Sunday pickling project
     Farm life, phase two! : gone is my incessant reading, 8 PM bedtimes, cooking experiments, carefree attitude toward the future, free time. Also, the majority of aches and pains, lack of social life, boredom in the fields. Marked by a trip home and subsequent sororal visit to the farm, a shift has occurred for me in most aspects of the pace and tone of my life here.
     Mostly, the change is caused by concrete differences. First of all, the workload on the farm has increased with the volume of the harvest needing to be done. Squash and cucumbers, tomatoes, and basil really started to thrive, green beans are ready, carrots and potatoes need to be dug. Combined with the departure of two apprentices, the increased workload has taken its toll.
     Additionally, a summer romance has taken up not only a good amount of my free time, but the majority of my spare thought-space as well.
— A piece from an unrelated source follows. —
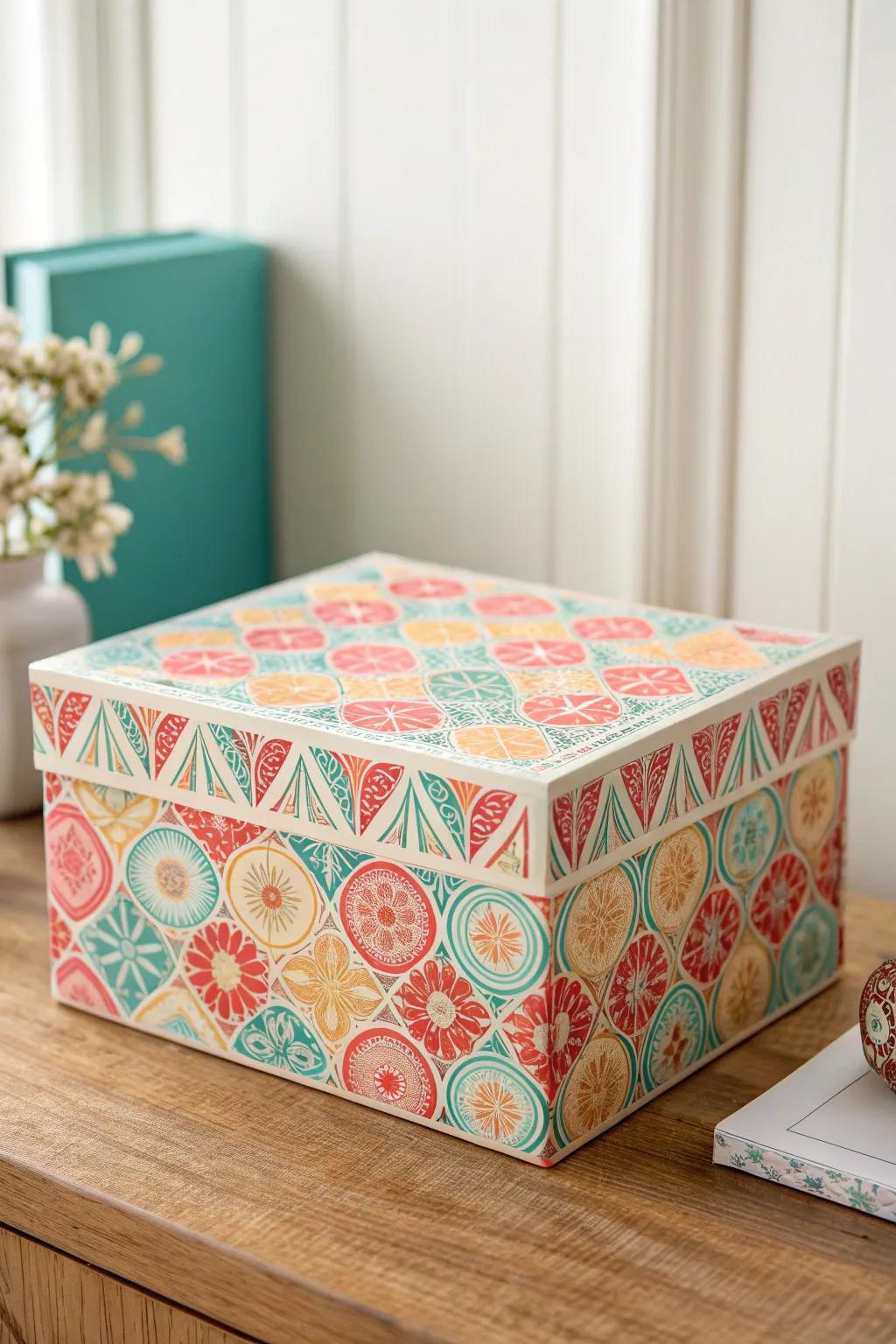 Decoupage a plain box with bold scrapbook paper—pretty storage for small-space clutter.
     This decreased extra time, as well as the general sense of busy-ness, has changed my once-productive farm lifestyle. Most alarmingly, I’m scarcely reading a thing anymore. I finished my first books (Omnivore’s Dilemma, Love in the Time of Cholera), and have casually started and quickly discarded another set of books (Gone with the Wind, A Book of Salt, Seven Pillars of Wisdom) purposelessly. If I read, it’s in the form of low attention-span magazine or newspaper articles that either appear in the el (apprentice common space), or on my internet radar.      Correspondingly, I’ve also stopped writing. (Devoted followers of this blog have probably noticed a precipitous drop-off in posted entries.)
     Relatedly, I’ve given up on a lot of cooking endeavors. Initially, I made bread, butter, fritters, pickles, and horchata. Each week’s new harvest meant new things to cook. With my loss of enthusiasm for reading and writing, though, disappeared my will to spend Sundays cooking. Instead, I spend a lot of time daydreaming and eating eggs or raw vegetables.
     Not everything is lethargic waste, though. When the shinyness wore off weeding and harvesting, I slowly started bringing my ipod to listen to during more solitary activities. With this came a flood of excitement for all the podcasts I’ve never before had time to listen to. I’ve also, by necessity, once again taken a serious interest in my future and have begun applying to various internships and jobs.
     Overall I spend less time doing productive things, but I use the time well. As my new pace settles (and my fleeting romance flets) I hope to re-incorporate at least a bit of the farm-life things I did in the beginning of the season. In the meantime, however, the new pace is dizzying, but good.